Afirmou que há “sinais” de que o mundo está à beira da Terceira Guerra Mundial e criticou a “posição irresponsável” das potências ocidentais.
Sustentou que a Rússia vive em uma democracia em que apenas “quem viola a lei vai preso” e revelou que o Kremlin não usará “óculos cor-de-rosa” em relação a Trump, que impôs 56 sanções ao país em seu primeiro mandato como presidente dos EUA.
Questionado sobre os soldados russos mortos na guerra, que chama de heróis, afirmou: “Agora, na Rússia, o nível de apoio às decisões do presidente é sem precedentes. Pode acreditar que no mundo inteiro há pouquíssimos presidentes que têm um apoio comparável ao que tem o presidente Putin.

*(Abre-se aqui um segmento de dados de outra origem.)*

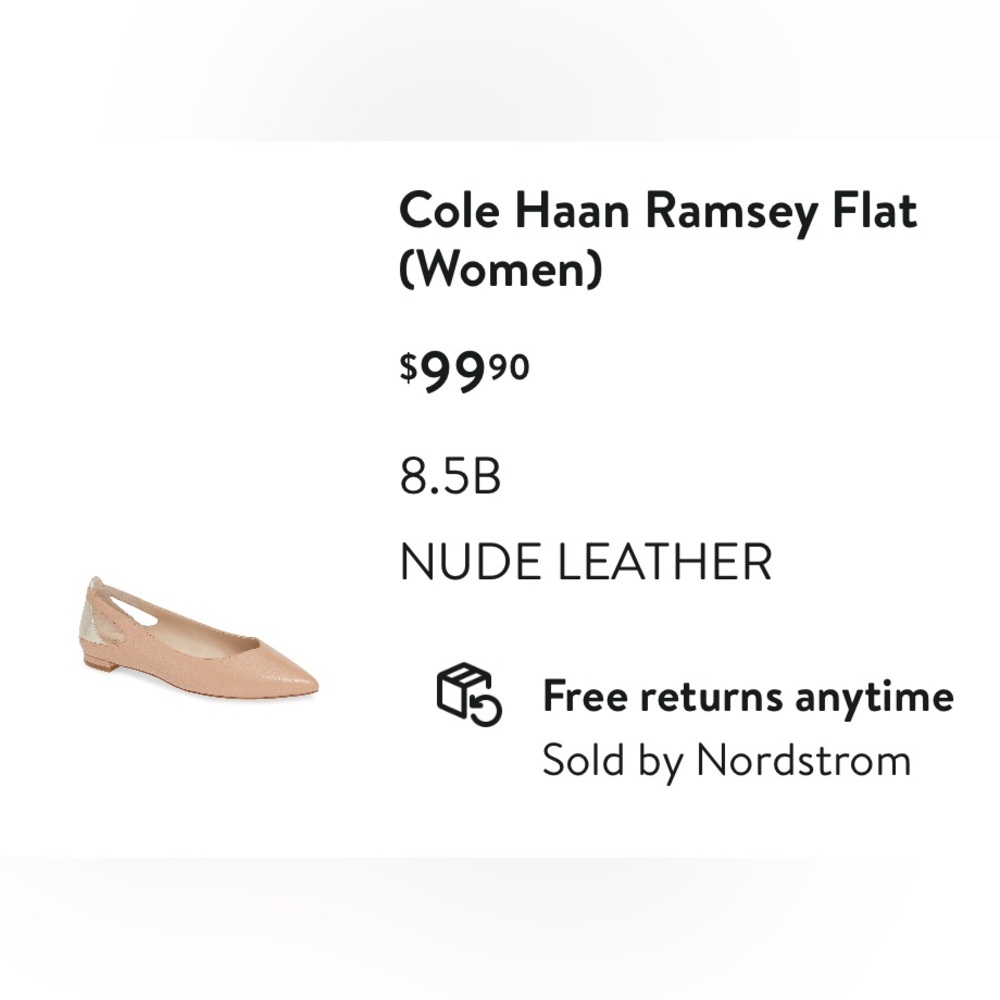 Cole Haan Ramsey Flat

E isso responde da forma mais correta à sua pergunta.”
TERCEIRA GUERRA MUNDIAL
Os EUA e o Reino Unido autorizaram o uso de suas armas pela Ucrânia contra o território da Rússia. O país, em resposta, alterou a sua doutrina nuclear e apresentou novos mísseis que foram usados contra a Ucrânia. O presidente Putin disse, em discurso à nação, que os EUA, agarrados à sua hegemonia, estão empurrando o mundo para um conflito global. Como os EUA não vão desistir da sua hegemonia, ele é inexorável? A Terceira Guerra Mundial já começou?
Graças a Deus, ainda não. Por enquanto, a Terceira Guerra Mundial não começou. Mas tem todos os sinais de que isso pode acontecer.
A alteração na doutrina nuclear da Federação da Rússia não ocorreu como uma resposta direta à autorização dos países ocidentais para o uso de seus mísseis. As condições estavam mudando muito antes disso.
A infraestrutura militar da Otan [Organização do Tratado do Atlântico Norte, aliança militar que reúne países ocidentais] estava avançando para a fronteira da Federação da Rússia [com a incorporação, ao longo dos anos, de diversos países do leste europeu que podem receber armas].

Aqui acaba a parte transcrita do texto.